O Hospital Estadual Sílvio Avidos, referência no Noroeste do Espírito Santo, precisa de uma nova estrutura. Inaugurado em 1949, o prédio atual, localizado no centro de Colatina, está deteriorado. A construção de um novo hospital é crucial para a região. O projeto, no entanto, está paralisado devido à indefinição da localização.
Um acordo verbal entre o ex-prefeito Guerino Balestrassi e o governo estadual previa a doação da área em Cidade Jardim. A atual gestão, liderada por Renzo Vasconcelos, não concretizou a doação. O deputado federal Paulo Folletto critica publicamente a postura do prefeito, cobrando agilidade na liberação do terreno ou na indicação de uma alternativa. Folletto enfatiza a importância do novo hospital para a população. Ele defende o projeto original, que incluiria um complexo de equipamentos públicos na região norte da cidade.

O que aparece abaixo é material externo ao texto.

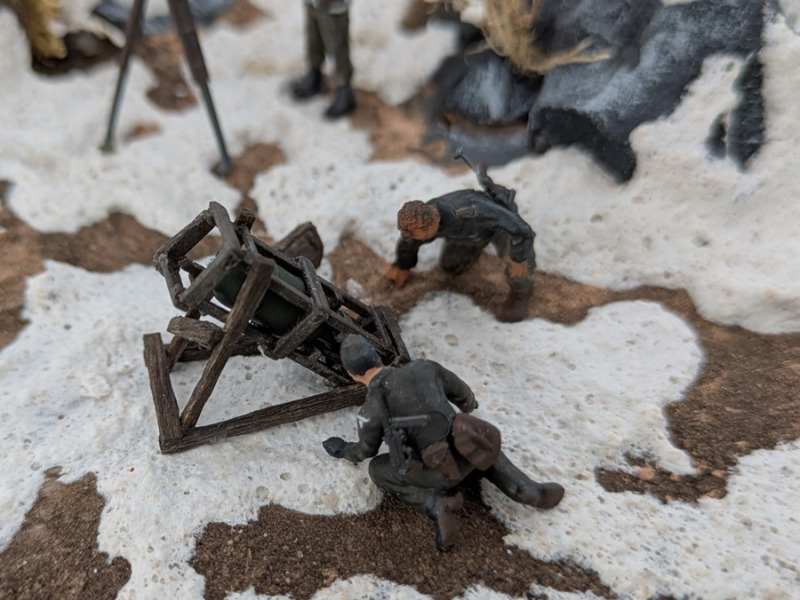 Die deutschen setzen nicht nur auf mobile Artillerie sondern auch auf unmobile Feldumbauten, um die Raketen abfeuern zu können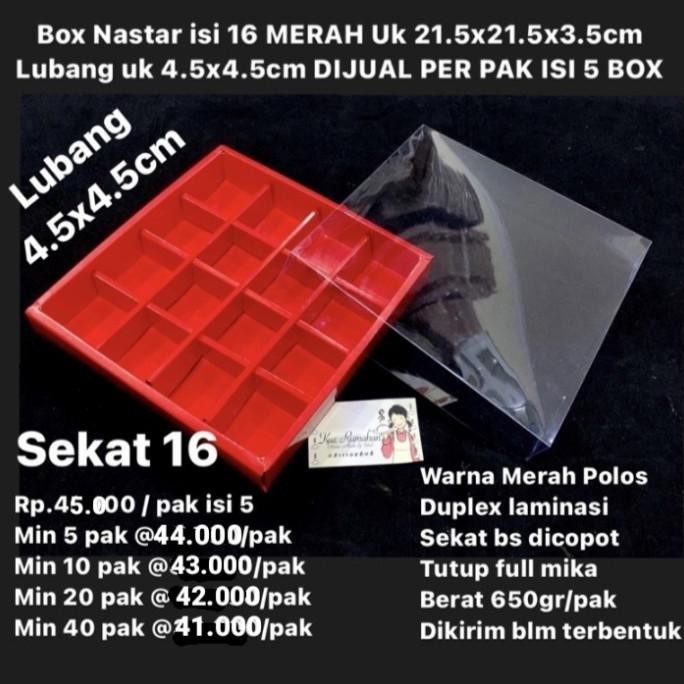 

Berkualitas! Box Nastar isi 16 MERAH Lubang uk 4.5x4.5cm PER PAK ISI 5 BOX ~
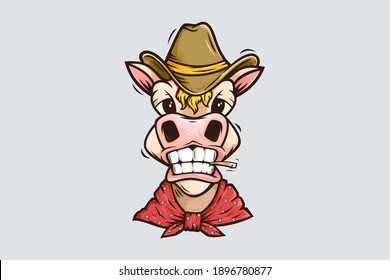 Funny horse wearing bandana cartoon mascot logo template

O secretário estadual de Saúde, Tyago Hoffmann, reforça a urgência da obra. A Secretaria já possui o projeto básico. Hoffmann afirma que, com o terreno definido, a licitação poderia ser realizada rapidamente. Ele estima que o novo hospital em Colatina poderia ser entregue em três ou quatro anos, seguindo o modelo do Hospital Roberto Silvares, em São Mateus. O secretário pede que a prefeitura agilize a doação de uma área adequada.
O novo hospital em Colatina teria capacidade para até 350 leitos, mais que o dobro da capacidade atual do Sílvio Avidos. Os recursos para a construção virão do Acordo de Mariana, que destinou R$ 270 milhões para a obra. Desse montante, R$ 90 milhões precisam ser investidos ainda em 2025. Caso contrário, a verba terá que ser realocada.
O ex-prefeito Guerino Balestrassi explica que a área escolhida em Cidade Jardim faz parte de um plano estratégico para a cidade. O terreno de 600 mil metros quadrados abrigaria, além do novo hospital, um estádio, escola, quartéis da PM e dos Bombeiros, estacionamento e a nova sede do Serviço de Verificação de Óbito. A localização estratégica visava desafogar o centro, melhorar a mobilidade urbana e impulsionar a economia da região norte.
O projeto de lei que autorizava a doação do terreno foi apresentado pela gestão anterior à Câmara Municipal. No entanto, o projeto foi retirado de pauta e não foi votado. A atual gestão não se manifestou sobre os motivos da não aprovação e a busca por uma nova área para o hospital continua. O impasse em relação ao terreno coloca em risco a modernização crucial para a saúde da população do Noroeste do Espírito Santo. Acompanharemos os desdobramentos dessa situação.